* **INPUT FOR THIS TASK**
"""
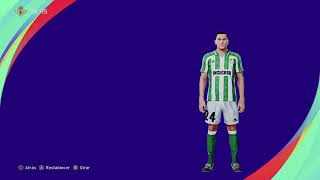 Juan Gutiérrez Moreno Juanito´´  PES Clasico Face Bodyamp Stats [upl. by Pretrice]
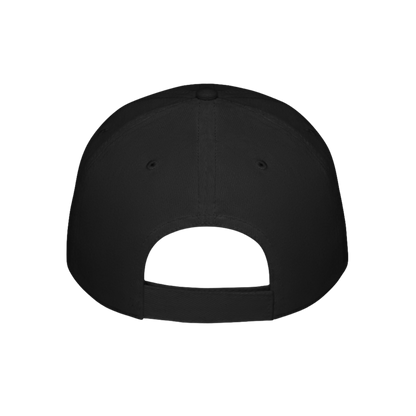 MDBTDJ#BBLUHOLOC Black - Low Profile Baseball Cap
"""
"""
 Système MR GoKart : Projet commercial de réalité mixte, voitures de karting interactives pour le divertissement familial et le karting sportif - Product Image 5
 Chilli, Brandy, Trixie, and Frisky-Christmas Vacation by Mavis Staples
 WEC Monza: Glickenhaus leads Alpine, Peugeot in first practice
"""
"""
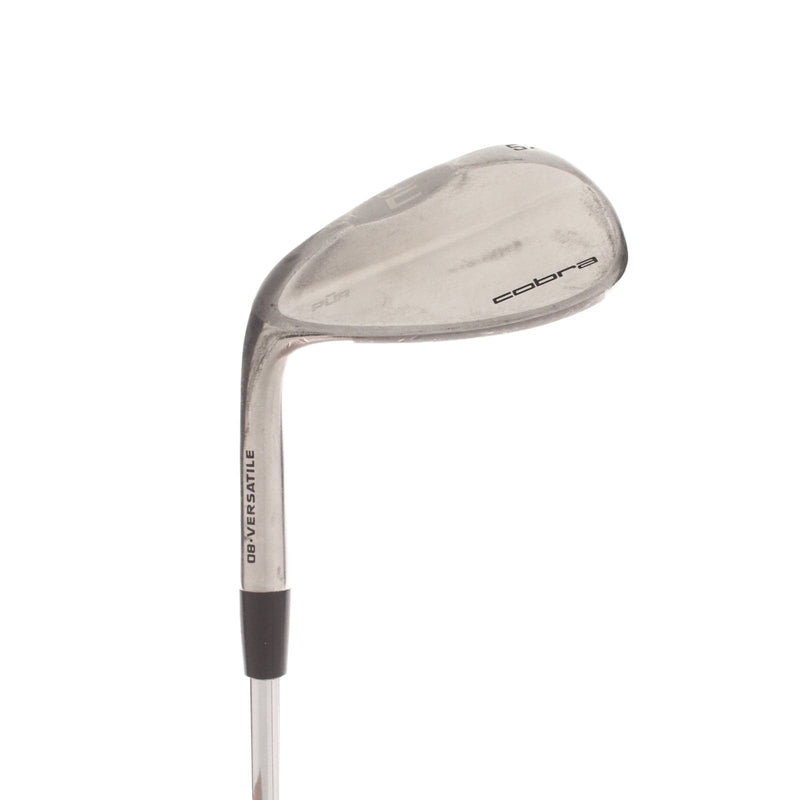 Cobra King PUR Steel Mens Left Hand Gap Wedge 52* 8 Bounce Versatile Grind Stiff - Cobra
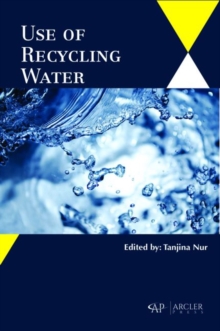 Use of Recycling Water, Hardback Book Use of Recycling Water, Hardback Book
"""
* **TASK PROMPT**
Everything from the line with "Juan Gutiérrez Moreno" down to the line with "MDBTDJ#BBLUHOLOC Black - Low" in the data above should be copied exactly, with both end lines kept and the pictures left out.

* **ANSWER TO THE EXERCISE**
 Juan Gutiérrez Moreno Juanito´´  PES Clasico Face Bodyamp Stats [upl. by Pretrice]
 MDBTDJ#BBLUHOLOC Black - Low Profile Baseball Cap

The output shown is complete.